Defeating contemporaries is passe. Taking down legends from ancient Greece is where it’s at. If you are Michael Phelps, that is.
With his win in Friday’s 200 metre individual medley event, Phelps took his gold medal tally in individual events to 13, breaking a 2168-year-old record in the process. Whom did he surpass? Why, good ol’ Leonidas of Rhodes.
(Not the Spartan, of course!)
Leonidas amassed a total of 12 crowns years before the birth of Christ, winning the stadion, diaulos and hoplitodromos races at each Olympiad from 164 BC to 152 BC — the last at the age of 36. Phelps is still only 31.
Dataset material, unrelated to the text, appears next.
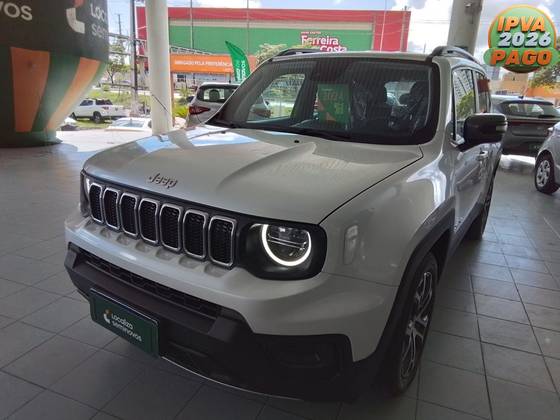 JEEP RENEGADE 1.3 T270 TURBO FLEX LONGITUDE AT6 JEEP RENEGADE 1.3 T270 TURBO FLEX LONGITUDE AT6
It wasn’t just his longevity either. Leonidas’ three events were remarkably different from each other. The stadion and diaulos were your basic 200-yard and 400-yard runs, but the hoplitodromos — a ‘race of soldiers’ — was less race and more military training. It required participants to dash 400-yards carrying heavy bronze battle armour and a shield, a way to practice the rushing technique during combat.
With displays of speed and strength, Leonidas was an amalgam of a top sprinter and an elite endurance athlete.
It was the very dominance that urged Greek sophist Philostratus to write in his Gymnasticus: Leonidas’s versatility made all previous theories of runners’ training and body types obsolete.
Replace ‘Leonidas’ with ‘Phelps’ and ‘runners’ with swimmers and the Philostratus’ words would still ring true. Like Leonidas on the track, Phelps has set the bar so high in the pool, his feats are unlikely to be emulated. The dominance and longevity have made Phelps as much of a freak of nature as his ancient counterpart.